How Closely Are Mutual Funds Following Their Voting Guidelines?
As you may recall, mutual funds began reporting their voting records at the end of August for the first time. Because mutual funds hold about a quarter of the domestic stockholdings, their votes can be decisive.
The report ranked the 10 funds by the percentage of how often the fund met the AFL-CIO’s guidelines – and their was quite a variance as the scores ranged from a high of 100% for American Century to a low of 20% for Putnam. Fidelity, the nation’s largest fund family (and who was very opposed to disclosing its voting record during that debate) ranked 9th with a 25% score.

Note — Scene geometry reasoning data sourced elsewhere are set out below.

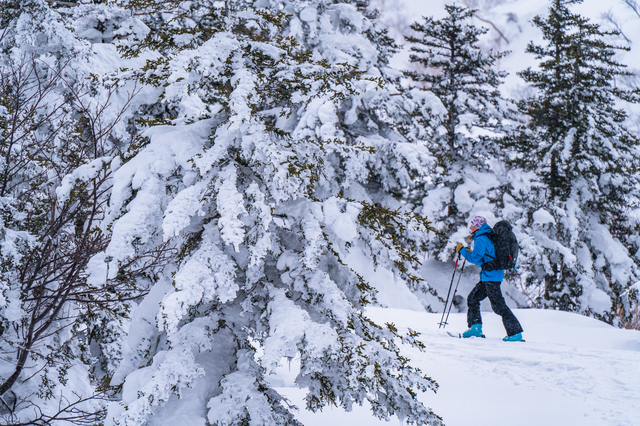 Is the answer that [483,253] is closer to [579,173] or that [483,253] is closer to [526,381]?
[526,381]

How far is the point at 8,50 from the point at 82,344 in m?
4.60

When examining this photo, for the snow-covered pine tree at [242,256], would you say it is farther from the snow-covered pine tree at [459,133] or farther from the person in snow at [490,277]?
the snow-covered pine tree at [459,133]

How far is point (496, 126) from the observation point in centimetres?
1402

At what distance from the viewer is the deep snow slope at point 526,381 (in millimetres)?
4422

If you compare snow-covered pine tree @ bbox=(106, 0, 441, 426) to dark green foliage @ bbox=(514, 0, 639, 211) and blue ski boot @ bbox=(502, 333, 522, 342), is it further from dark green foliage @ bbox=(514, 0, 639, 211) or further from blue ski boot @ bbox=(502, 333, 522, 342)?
dark green foliage @ bbox=(514, 0, 639, 211)

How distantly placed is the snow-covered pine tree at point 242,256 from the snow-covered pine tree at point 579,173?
1087 centimetres

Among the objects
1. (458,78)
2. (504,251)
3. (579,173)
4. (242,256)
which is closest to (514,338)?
(504,251)

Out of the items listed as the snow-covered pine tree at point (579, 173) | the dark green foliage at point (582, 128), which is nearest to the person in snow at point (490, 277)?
the snow-covered pine tree at point (579, 173)

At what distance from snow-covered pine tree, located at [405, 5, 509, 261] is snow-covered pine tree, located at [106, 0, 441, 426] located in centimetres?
974

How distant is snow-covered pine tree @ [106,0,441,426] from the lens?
10.1 ft

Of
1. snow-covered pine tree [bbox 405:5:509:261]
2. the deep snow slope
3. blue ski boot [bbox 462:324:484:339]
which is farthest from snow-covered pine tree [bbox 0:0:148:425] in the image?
snow-covered pine tree [bbox 405:5:509:261]

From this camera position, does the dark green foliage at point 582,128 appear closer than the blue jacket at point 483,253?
No

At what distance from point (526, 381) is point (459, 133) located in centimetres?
965

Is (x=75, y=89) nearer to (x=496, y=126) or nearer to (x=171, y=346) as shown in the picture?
(x=171, y=346) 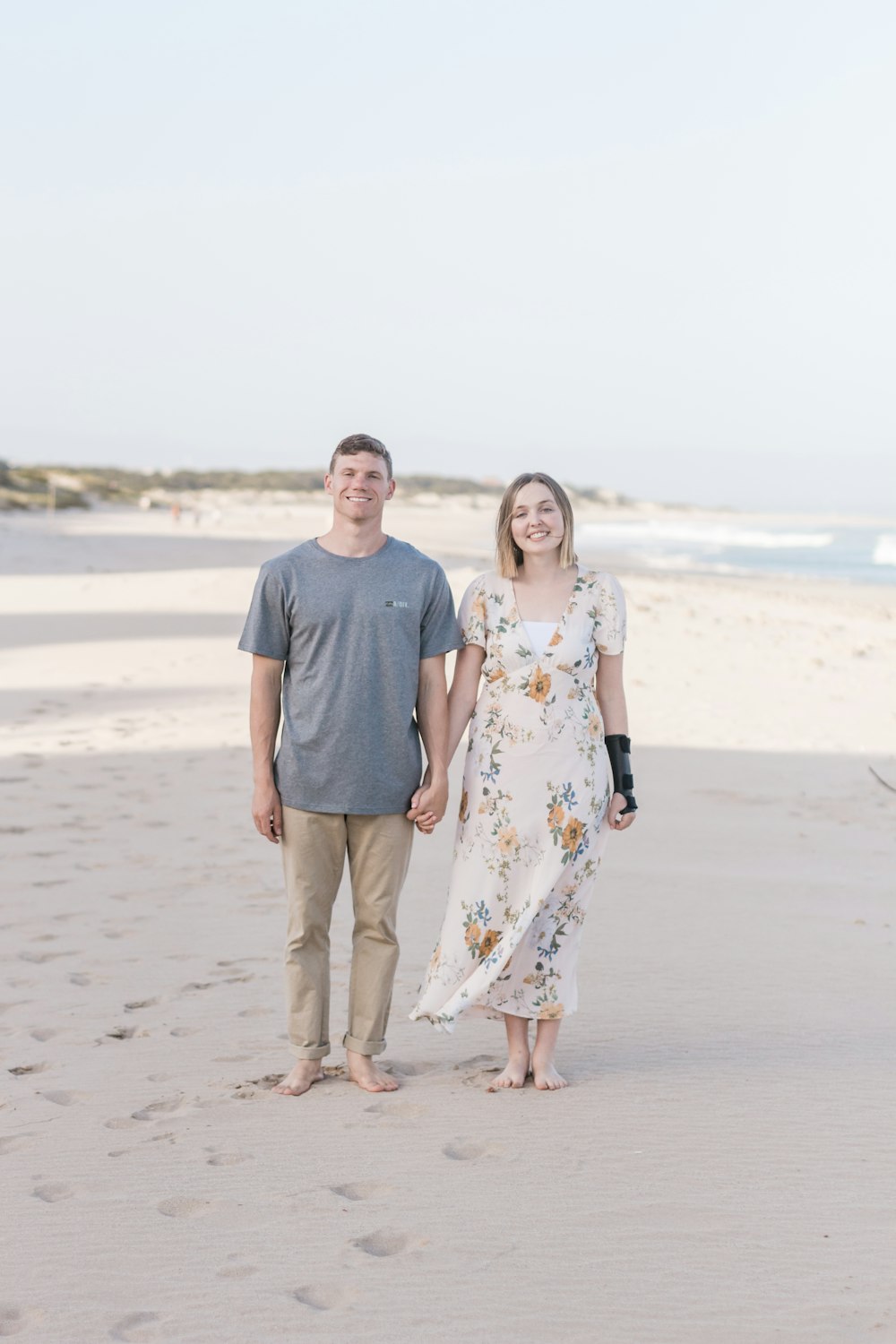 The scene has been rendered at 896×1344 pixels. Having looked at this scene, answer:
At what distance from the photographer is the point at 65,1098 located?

Charities Get Their Own Sarbanes-Oxley
Sarbanes-Oxley continues to ripple through other areas of the law. A week ago, Governor Schwarzenegger signed a California bill – SB 1262 – which will impose some SOX-like requirements on charities, including requirements that charities with gross revenues of more than $2 million prepare financial statements in accordance with GAAP that are audited by independent auditors.
Corporate charities meeting this threshold will have to have an audit committee with responsibilities similar to those under SOx. The boards of all charities will be required to review and approve the compensation and benefits of the President or CEO and the Treasurer or CFO to assure that it is “just and reasonable.”
Keith Bishop notes that there probably are more charities affected by this law than issuers affected by SOX. According the California Attorney General, there were over 80,000 charitable organizations registered in California as of January 2001.
At our compensation conference today – its actually is still going on right now – Corp Fin Director Alan Beller gave a memorable 45 minute speech on executive compensation that is bound to raise the eyebrows – and sharpen the pencils – of those of you that are responsible for compensation disclosure. Kudos to Alan for speaking out and doing the responsible thing!
Alan mentioned that his speech will be posted on the SEC site in a day or so – you can review the archived video of it on CompensationStandards.com whenever you wish.
There are an overwhelming number of attendees, both here and on the web – and a palatable buzz in the audience here in San Francisco. Very gratifying for six months of hard work and navigating an experiment in video conferencing. Tonight, I drink heavy…or go right to sleep.